# Direct Deposit



## Longford (May 25, 2012)

There's already a discussion started about this. You might find the discussion thus far, helpful:

http://www.expatforum.com/expats/me...alert-banamex-usa-closing-expat-accounts.html


----------



## MeroRandy (May 28, 2014)

Thank you Longford. I have been reading in that thread. I must admit that I had heard nothing about this FATCA thing. I want to vomit.


----------



## Isla Verde (Oct 19, 2011)

MeroRandy said:


> Thank you Longford. I have been reading in that thread. I must admit that I had heard nothing about this FATCA thing. I want to vomit.
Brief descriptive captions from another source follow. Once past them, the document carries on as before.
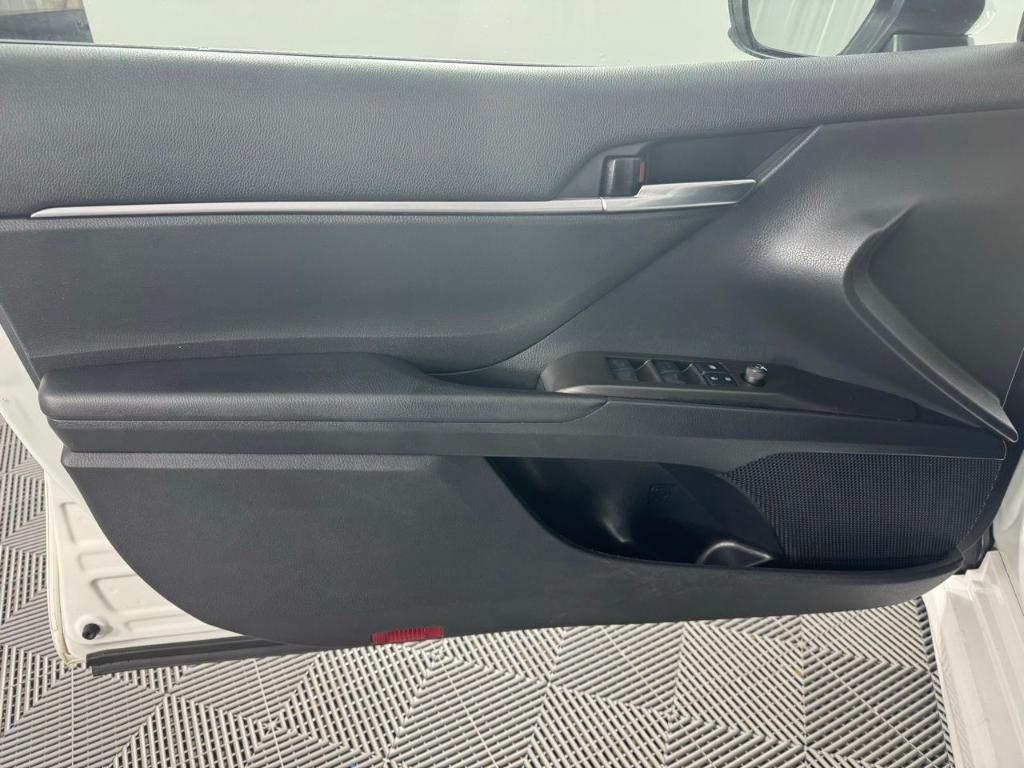 used 2021 Toyota Camry car, priced at $21,500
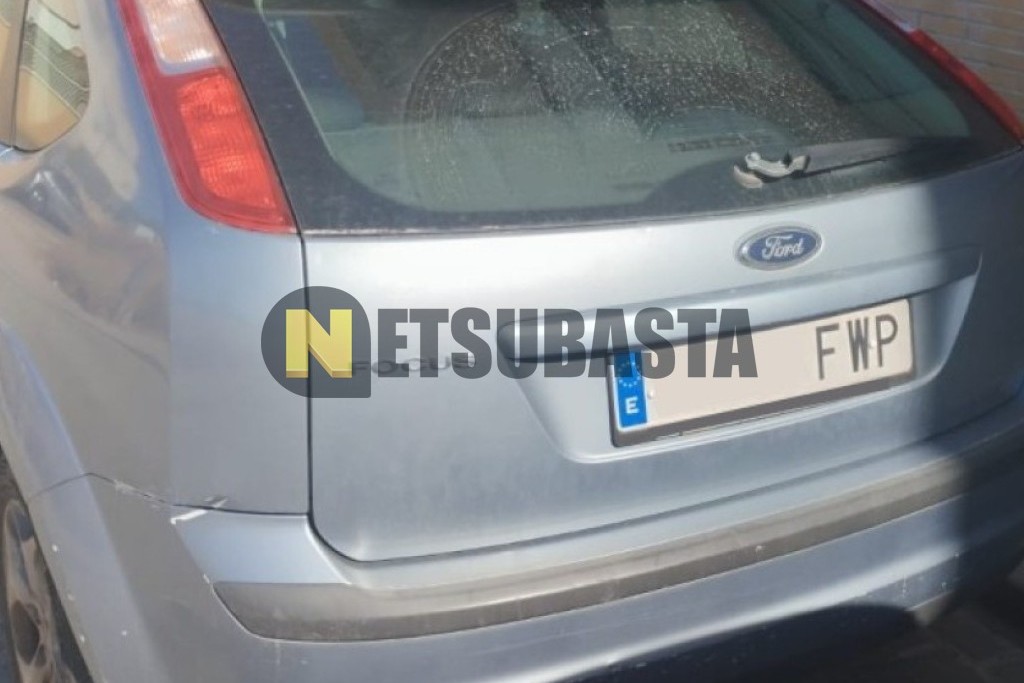 Ford Focus 1.6 2007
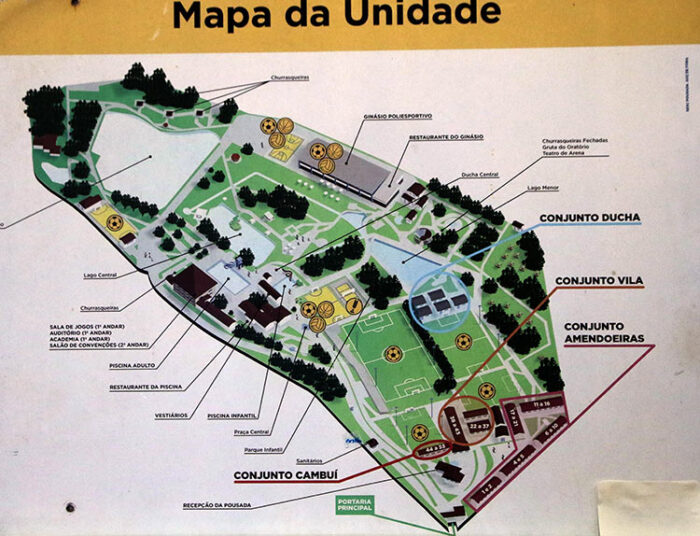 Parque Municipal de Juiz de Fora começa a funcionar nesta terça 4 Coletiva Parque Muncipal fernando priamo 7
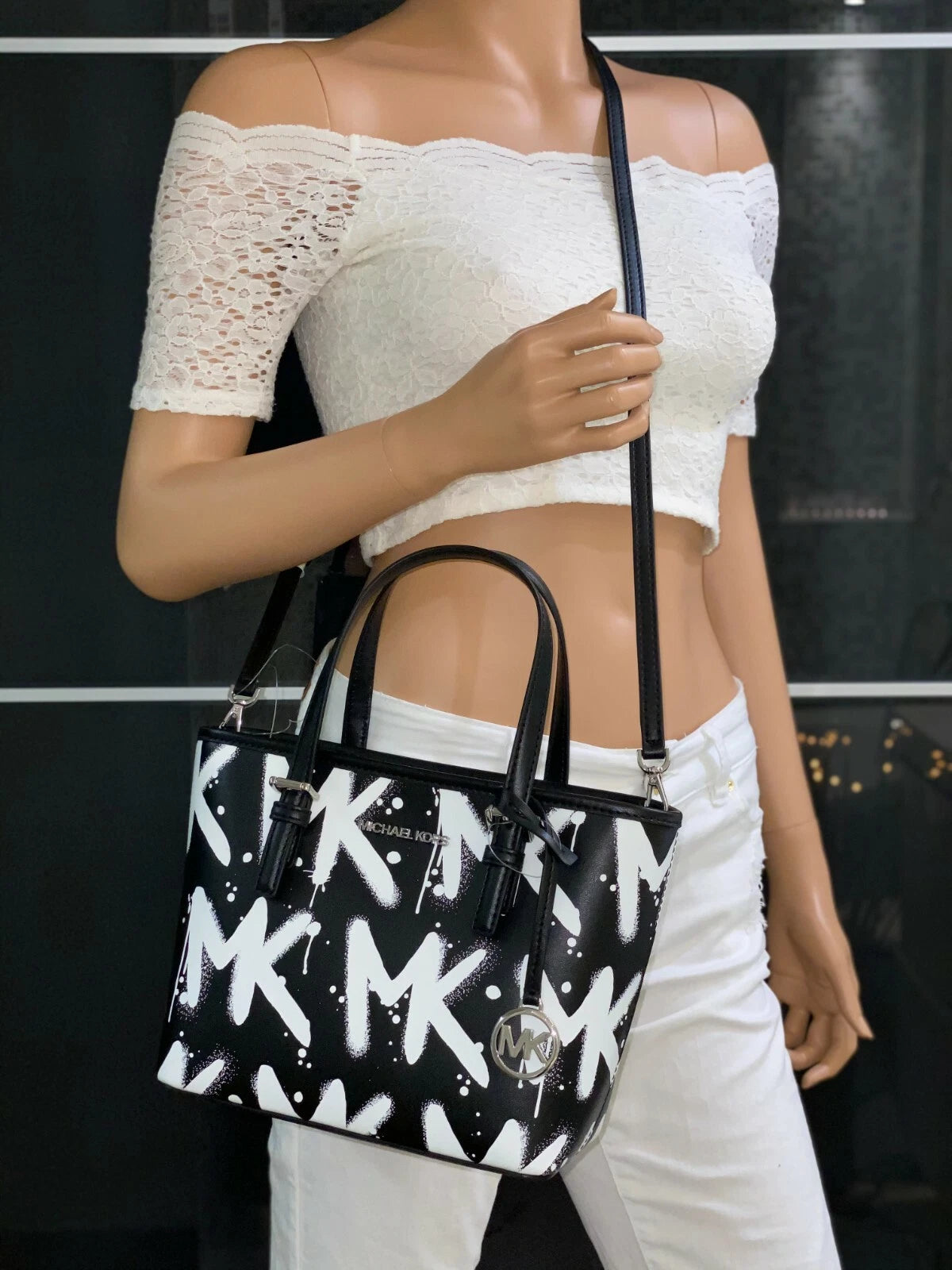 Jet Set Travel XS Top Zip Tote — Multiple Colors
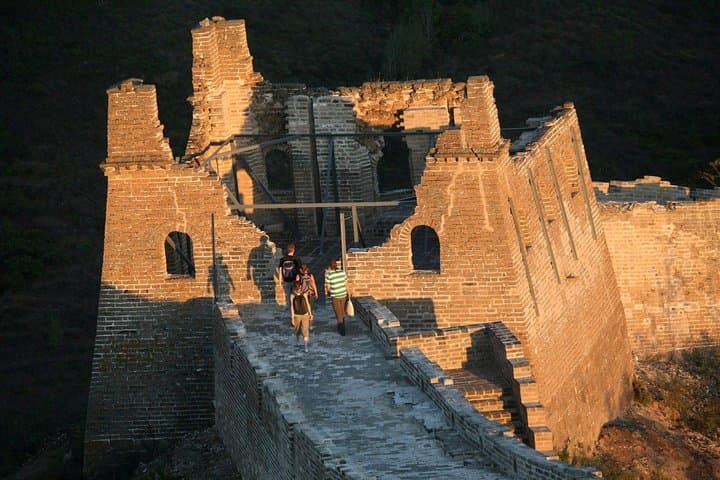 Simatai Great Wall Day Hike and Gubei Water Town Visit photo 6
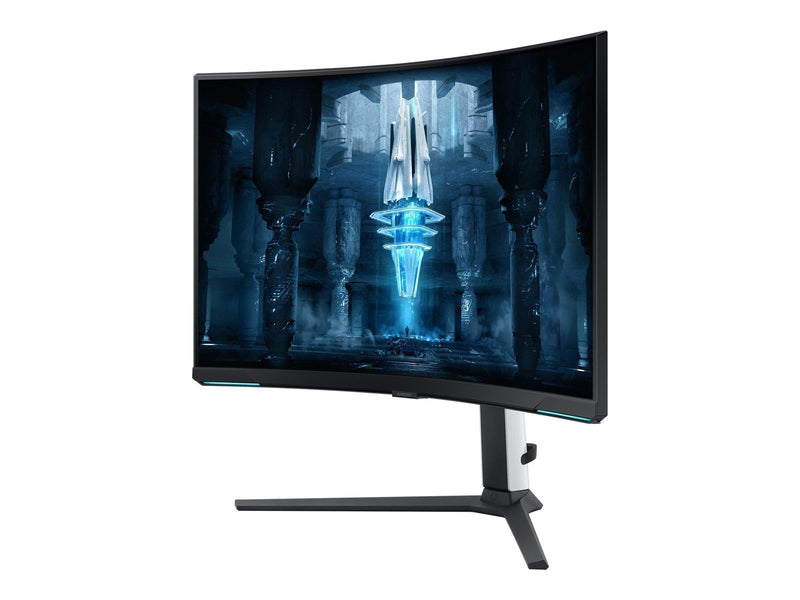 32" Samsung Odyssey Neo G8 - 4K - 240Hz - VA (Quantum Mini-LED) - HDMI 2.1 - Curved *DEMO*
With your permission, I'm going to move your initial post to the "Alert - Banamex USA ..." thread and close this one.


----------



## MeroRandy (May 28, 2014)

That's fine Marsha. I searched for "direct deposit" before starting the thread, but found nothing. Now I have indigestion after reading it all. Thank you.


----------



## chicois8 (Aug 8, 2009)

MeroRandy said:


> Thank you Longford. I have been reading in that thread. I must admit that I had heard nothing about this FATCA thing. I want to vomit.


FATCA was passed March 2010........


----------



## Isla Verde (Oct 19, 2011)

MeroRandy said:


> That's fine Marsha. I searched for "direct deposit" before starting the thread, but found nothing. Now I have indigestion after reading it all. Thank you.


Sometimes it's more useful to just read the thread names than to do a search.

Now, Randy, I want you to take some deep breaths and maybe a brisk walk around your neighborhood, which I find helps to calm my nerves at times like these.


----------